[Short text fragments from websites]
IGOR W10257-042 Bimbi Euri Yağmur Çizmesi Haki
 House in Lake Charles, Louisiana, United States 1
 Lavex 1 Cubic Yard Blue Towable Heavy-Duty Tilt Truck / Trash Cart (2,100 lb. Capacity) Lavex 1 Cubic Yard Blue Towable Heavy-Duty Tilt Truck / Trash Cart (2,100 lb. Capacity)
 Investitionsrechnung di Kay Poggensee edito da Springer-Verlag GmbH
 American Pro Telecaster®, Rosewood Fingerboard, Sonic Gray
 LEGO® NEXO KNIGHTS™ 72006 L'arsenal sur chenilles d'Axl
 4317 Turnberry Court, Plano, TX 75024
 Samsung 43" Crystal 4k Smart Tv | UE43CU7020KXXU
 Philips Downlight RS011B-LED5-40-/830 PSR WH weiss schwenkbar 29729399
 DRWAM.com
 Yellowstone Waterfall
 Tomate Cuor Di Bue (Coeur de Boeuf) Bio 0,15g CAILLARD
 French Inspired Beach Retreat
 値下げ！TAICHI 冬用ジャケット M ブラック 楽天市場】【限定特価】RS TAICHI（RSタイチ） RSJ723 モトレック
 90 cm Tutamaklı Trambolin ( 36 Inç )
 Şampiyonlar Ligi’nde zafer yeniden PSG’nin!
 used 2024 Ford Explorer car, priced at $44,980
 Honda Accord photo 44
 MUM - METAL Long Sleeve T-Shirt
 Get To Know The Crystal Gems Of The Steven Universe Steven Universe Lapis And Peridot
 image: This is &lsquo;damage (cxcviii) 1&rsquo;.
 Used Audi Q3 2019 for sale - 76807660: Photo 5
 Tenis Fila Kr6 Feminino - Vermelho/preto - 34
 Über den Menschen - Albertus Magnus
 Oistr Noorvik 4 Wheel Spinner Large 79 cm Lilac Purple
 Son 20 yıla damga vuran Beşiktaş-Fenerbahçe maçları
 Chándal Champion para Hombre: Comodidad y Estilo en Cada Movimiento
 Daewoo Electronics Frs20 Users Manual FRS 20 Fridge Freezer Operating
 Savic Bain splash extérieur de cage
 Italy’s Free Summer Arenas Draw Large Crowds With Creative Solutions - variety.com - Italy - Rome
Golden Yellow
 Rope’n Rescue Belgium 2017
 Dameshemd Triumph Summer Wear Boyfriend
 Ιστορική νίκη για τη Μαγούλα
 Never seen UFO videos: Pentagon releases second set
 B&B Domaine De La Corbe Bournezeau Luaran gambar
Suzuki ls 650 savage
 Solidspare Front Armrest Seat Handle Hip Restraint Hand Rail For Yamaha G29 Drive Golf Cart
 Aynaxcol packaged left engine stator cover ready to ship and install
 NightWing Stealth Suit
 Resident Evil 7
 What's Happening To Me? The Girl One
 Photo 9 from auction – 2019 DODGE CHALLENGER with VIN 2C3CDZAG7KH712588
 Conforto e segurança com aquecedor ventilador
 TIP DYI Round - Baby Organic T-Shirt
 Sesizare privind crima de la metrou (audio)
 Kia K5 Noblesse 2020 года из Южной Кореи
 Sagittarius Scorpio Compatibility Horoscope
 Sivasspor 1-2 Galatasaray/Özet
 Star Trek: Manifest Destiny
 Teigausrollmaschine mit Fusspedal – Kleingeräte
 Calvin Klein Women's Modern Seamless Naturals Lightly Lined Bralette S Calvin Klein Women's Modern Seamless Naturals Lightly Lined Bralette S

*The task:*
Which lines of the data contain the string "Shirt"? Copy each one.

*Final answer:*
 MUM - METAL Long Sleeve T-Shirt
 TIP DYI Round - Baby Organic T-Shirt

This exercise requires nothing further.